“As political honeymoons go, Joko Widodo’s has been almost nonexistent,” says Bloomberg’s William Pesek. Indonesia’s new president was inaugurated last October, swept to power on a ticket of wide-ranging reforms and economic growth. But since then, growth has stalled, slipping to an annual rate of 4.7% – a five-year low.
The downturn is partly due to weak demand from China, which has hit nickel, coal and tin exports. Rising inflation, meanwhile, has prevented the central bank from cutting interest rates. But some of “Indonesia’s wounds are self-inflicted”.

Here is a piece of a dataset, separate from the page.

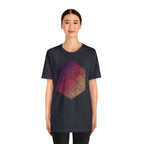Ombre Ornamental Dice Shirt - Asphalt / S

Infrastructure was key to Widodo’s plan to revive the economy. But while the government aimed to spend 290trn rupiah on it in 2015, by May it had spent just 2.4% of this sum. Part of the problem is that tax revenues have not grown as fast as expected, due to the lacklustre economy and poor revenue collection, so now spending must be reined in to compensate. But Widodo has been slow to cut red tape and tackle corruption, says Pesek. To rectify this, he “would need to get his party on board, and fast”.
Moreover, government hopes that an opposition party would join the ruling coalition to secure the parliamentary majority for reforms have been dashed, says Avantika Chilkoti in the Financial Times. Critics have also slammed Widodo for his employment of “incompetent ministers and bungling bureaucrats”, add Bloomberg’s Kanupriya Kapoor and Gayatri Suroyo.
Still, it’s too soon to write off the reformist government. Overall, progress may be disappointing, but it has managed to push through significant cuts to fuel subsidies. Indonesia’s young working population and emerging middle classes bode well longer term, and our favourite Indonesia play – the Aberdeen Indonesia Fund (US: IF) – looks cheap enough to account for the risks on an unusually large discount to net asset value of 11%.